Qual é a sua explicação sobre isso?
Não vejo como
um refluxo. Eu vejo como uma lentidão natural, porém
pedagógica, de que só conseguiremos ir para frente se
tivermos maior capacidade de articular forças populares
em cada um de nossos países.
E, por
desgraça, na maioria dos países, ainda que todos nos
declaremos anti-neoliberais e anti-imperialistas, não
conseguimos construir espaços nacionais unitários, que
sejam a base de um movimento continental da ALBA. Então,
se as forças populares não têm a maturidade para
articular-se em seus países, não podem e não devem sair
nas articulações internacionais, como porta-vozes da
unidade. Falando em nome de quem?
Por outro
lado, se imaginava que a recente conjuntura ajudaria aos
movimentos populares de todo o continente para que
avançassem mais rapidamente em uma re-ascensão do
movimento de massas. Porém, lamentavelmente, isso não
aconteceu. No momento, somente na Bolívia se mantém em
ascensão o movimento de massas, que ainda que se sinta
participante do governo, também o pressiona, e está em
constante mobilização.
Na Venezuela,
há uma vinculação muito grande entre os movimentos
populares e os processos eleitorais, que se realizam a
cada dois anos, e terminam monopolizando os interesses
das forças populares em luta permanente contra os golpes
da direita.
E, por
último, o império passou a jogar mais duro, colocando em
prática uma contraofensiva ante as lutas sociais e as
articulações no campo ideológico, avançando com suas
armas, que são os meios de comunicação, especialmente a
televisão e a Internet. Nesse campo, o capital e os
Estados Unidos são absolutamente hegemônicos, e tem uma
grande força.
Ou seja, os
poucos avanços não foram só debilidades nossas, que são
muitas, mas também houve um relançamento das iniciativas
ideológicas impulsionadas pelos Estados Unidos com as
forças conservadoras em nossos países. E em todos os
países estamos assistindo a uma confrontação cada vez
maior dessas forças com as forças populares.
E as forças
populares com pouca possibilidade de atuar na televisão,
nos meios de comunicação massivos e na Internet.

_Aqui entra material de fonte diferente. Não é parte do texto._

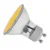 prolite-yellow-led-gu10-light-bulb.webp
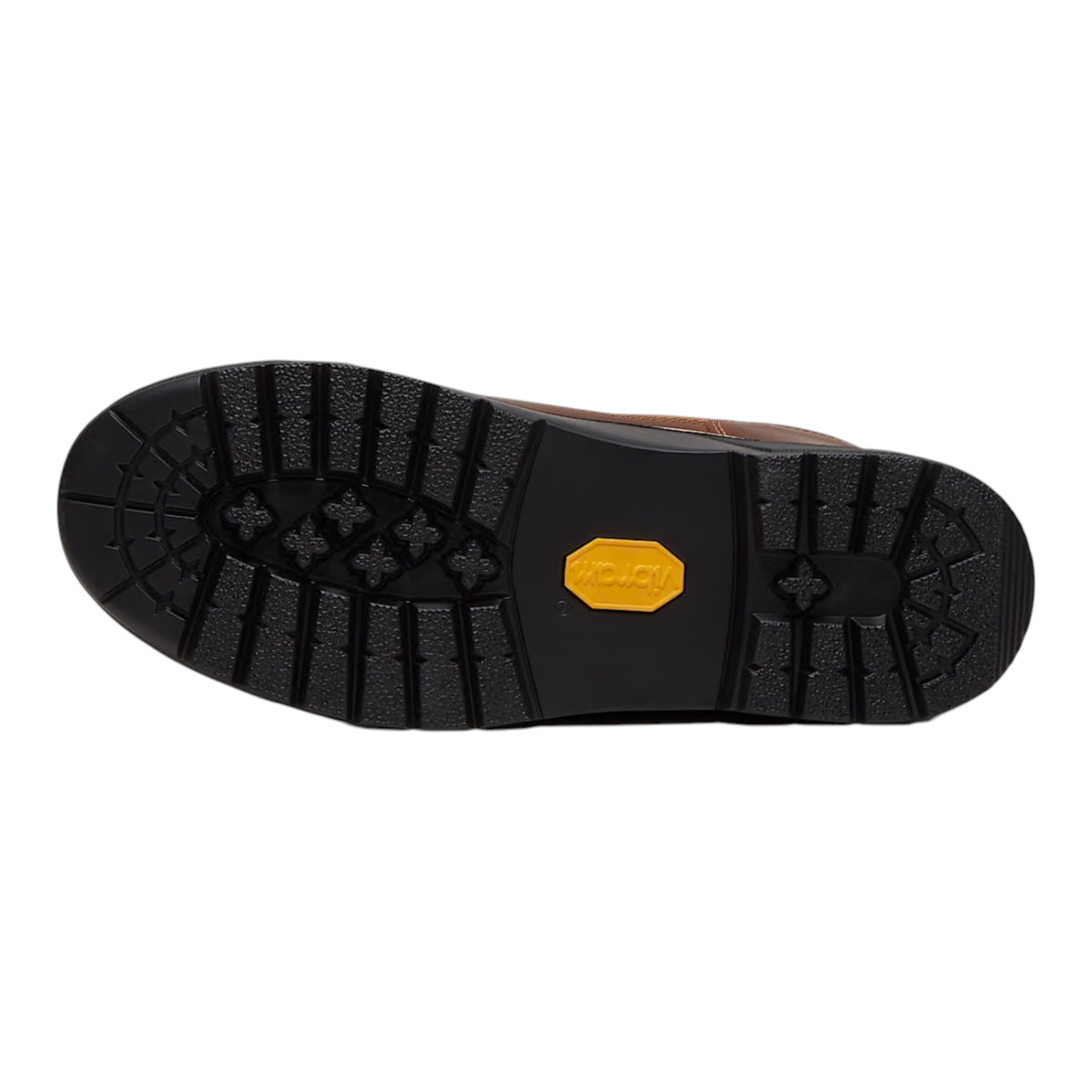 TIMBERLAND 0A2NRW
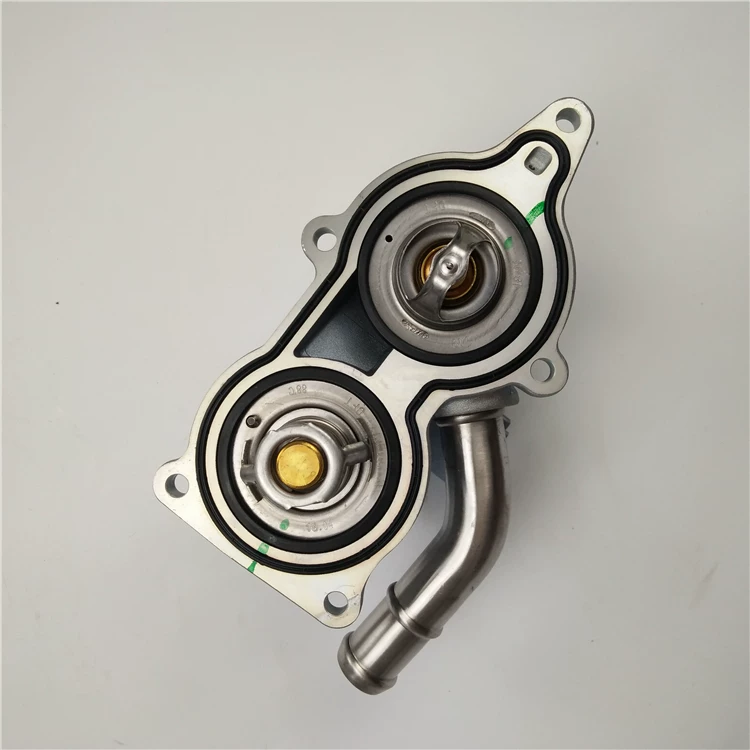 名爵m节温器总恒威550阀调温器适用于荣成 温度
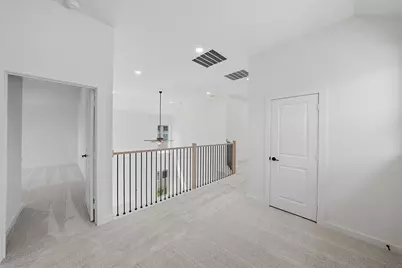 800 Isabel Street, Celina, TX 75009 - Photo 27
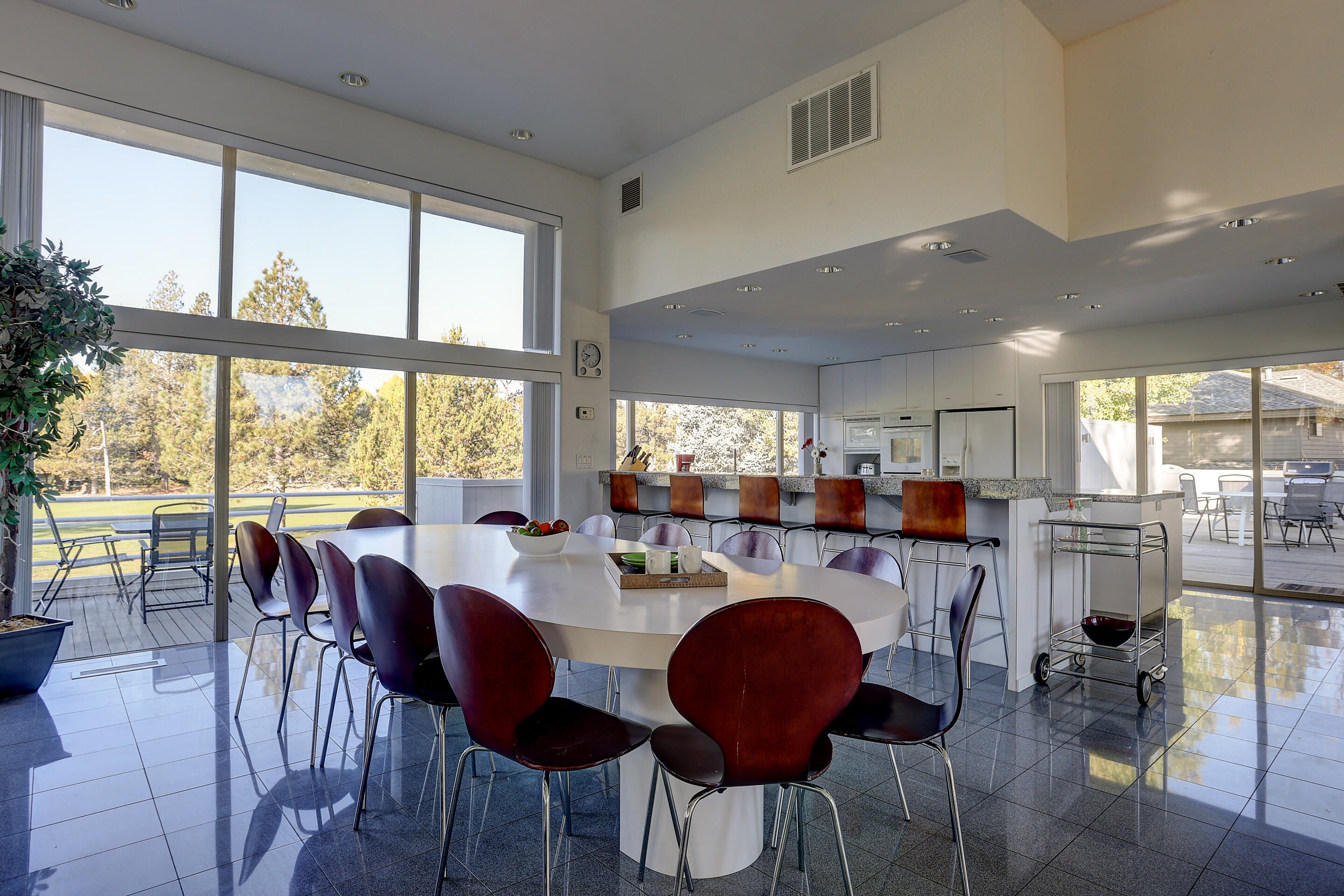 Fairway Point Villag - Residential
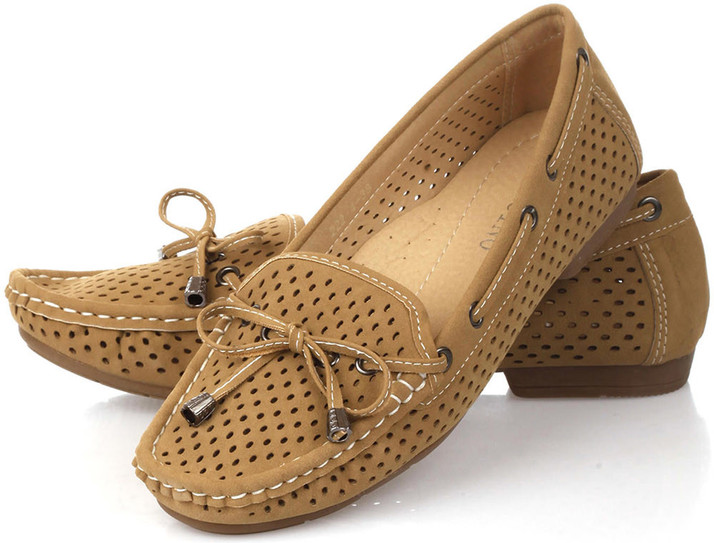 cut shoes for ladies flipkart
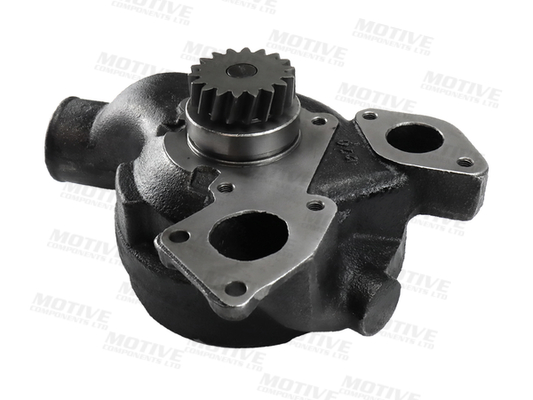 Motive Waterpomp WP1882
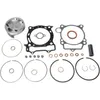 Wiseco Top End Rebuild Kit 95mm 12.0:1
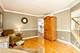 462 Nuthatch, Lindenhurst, IL 60046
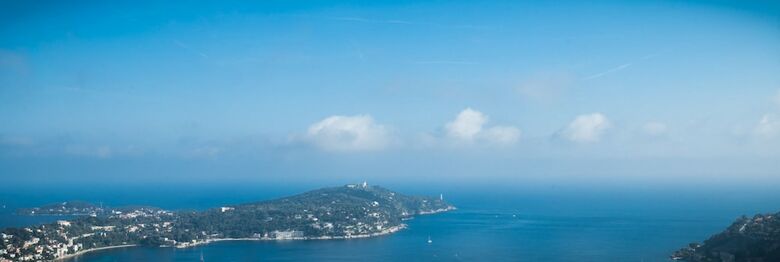Hotel H�tel La Fianc�e Du Pirate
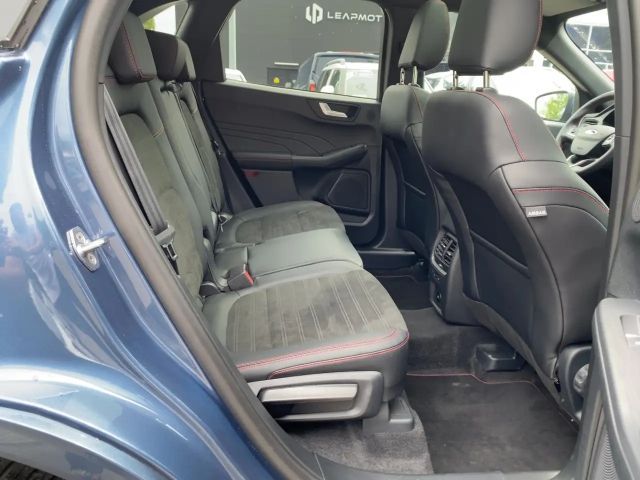 Ford Kuga EcoBoost ST Line X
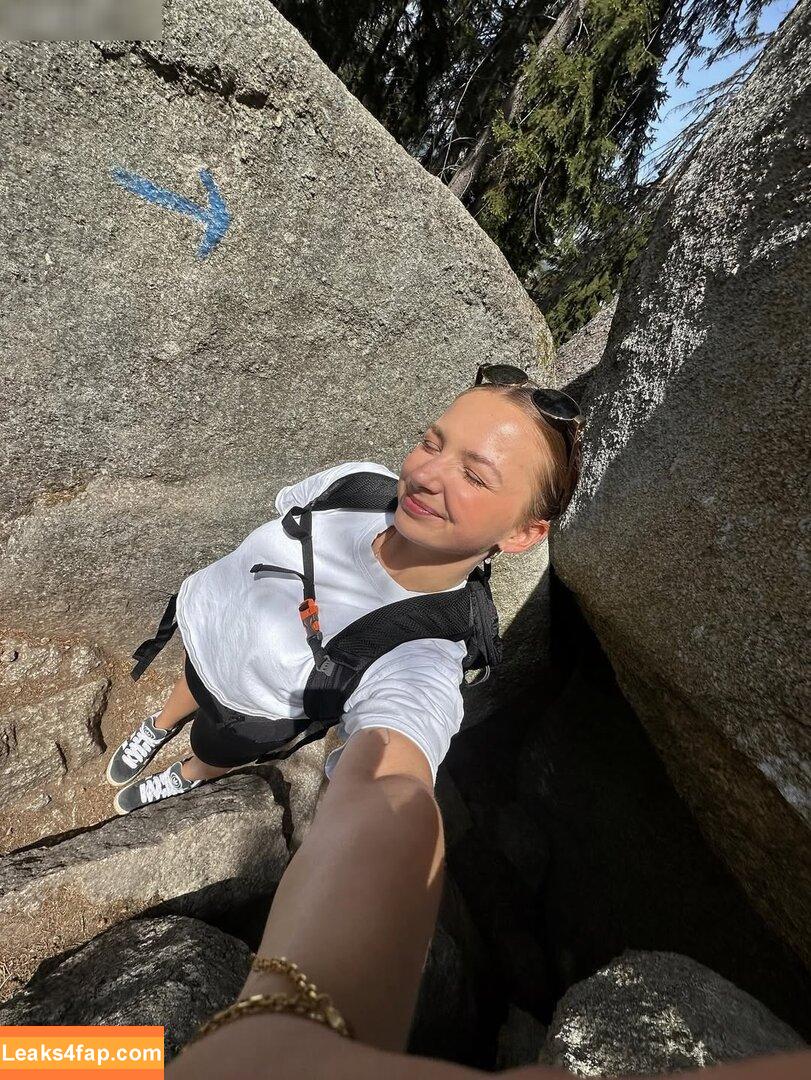 Alinamour leaked photo photo #0346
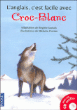 Croc-Blanc&nbsp;-&nbsp;Collectif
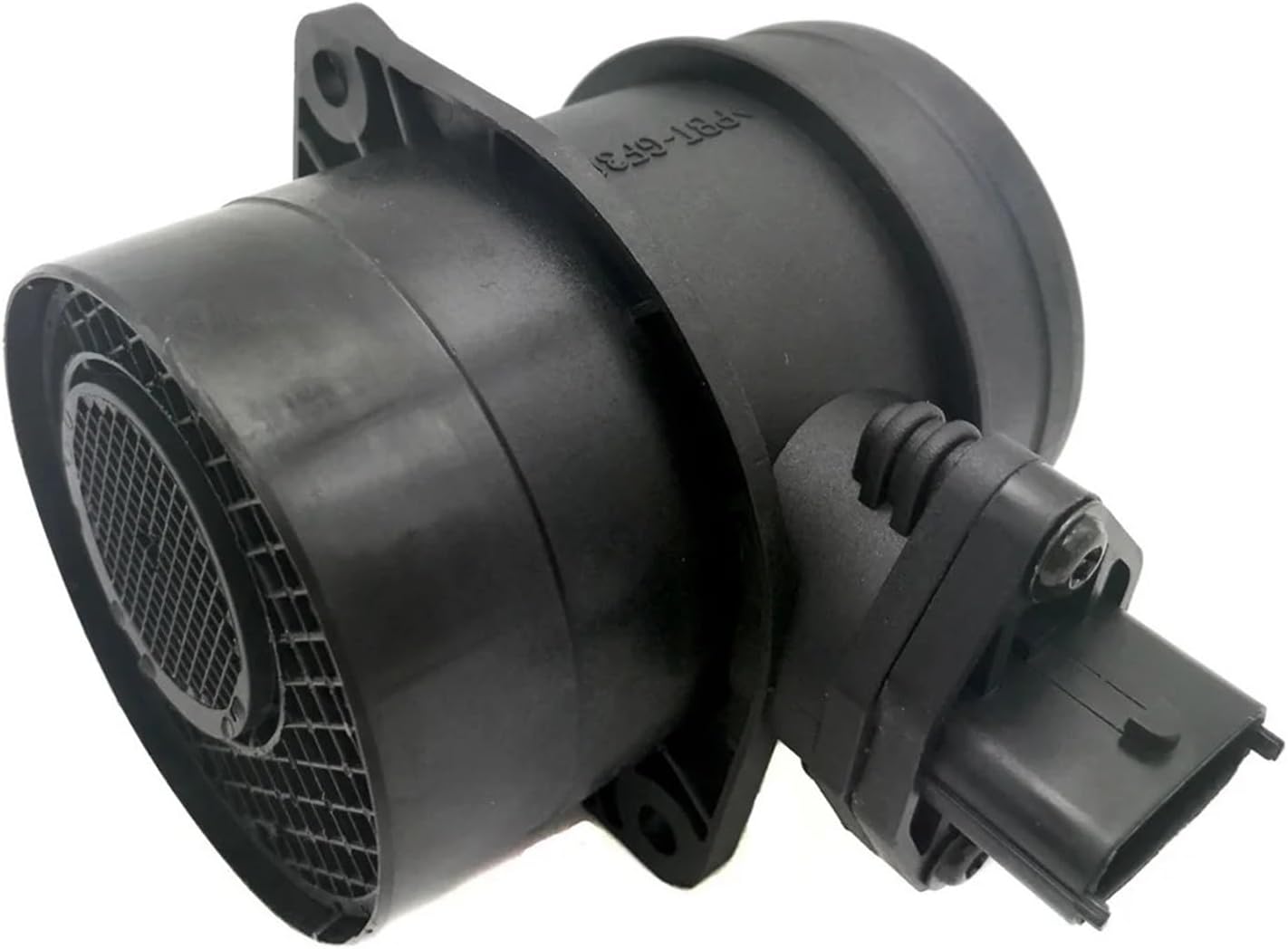 Car MAF Mass Air Flow Sensor 0281002554 28164-4A000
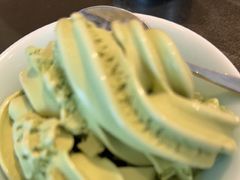 -西村日本料理(香格里拉饭店)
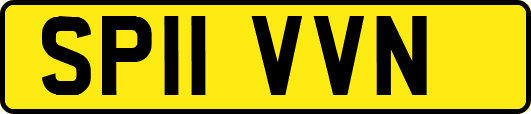 SP11VVN
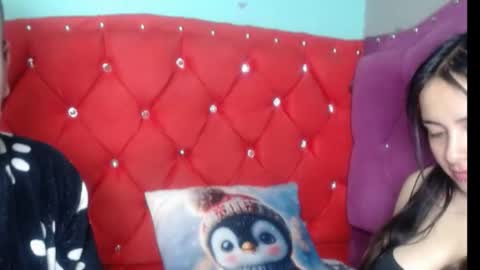 Snapshot of hot_jokerharley chatting on 02/03/26, 08:52 anyelood soffi online show from 02/03/26, 08:52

Inclusive na Internet, que se considerava que era um
espaço mais livre e democrático, as revelações de
Assange e Snowden deixaram claro, por exemplo, que o
Google não passa de uma ferramenta à serviço e sob o
controle dos serviços de inteligência do governo dos
Estados Unidos.
- Hoje estamos diante de um novo cenário,
tanto pela dinâmica global do capitalismo como pelas
limitações registradas pelos governos de mudança, o
qual deu espaço para que, inclusive entre os
opositores de esquerda, se fale do fim do ciclo
progressista. Desde a perspectiva dos movimentos,
como encarar essa situação, sendo que existem
tentativas desestabilizadoras?
Não considero
que seja o melhor caminho permanecer prognosticando o
fim do ciclo progressista, ou o recomeço dos setores
conservadores. Isso não é dialético. A luta de classes é
permanente em cada um de nossos países, e muito
dinâmica. Não podemos generalizar como uma situação em
cada país. E inclusive nos países em que existe uma
completa hegemonia da direita nos governos, como México
e Colômbia, há uma maior intensidade da luta social, e a
disposição de luta do povo.
Creio que nos
encontramos em condições difíceis, devido à dependência
econômica de nosso continente em relação ao capitalismo
internacional. Mais do que nunca devemos recuperar as
teorias da dependência (sistematizadas na década de 70)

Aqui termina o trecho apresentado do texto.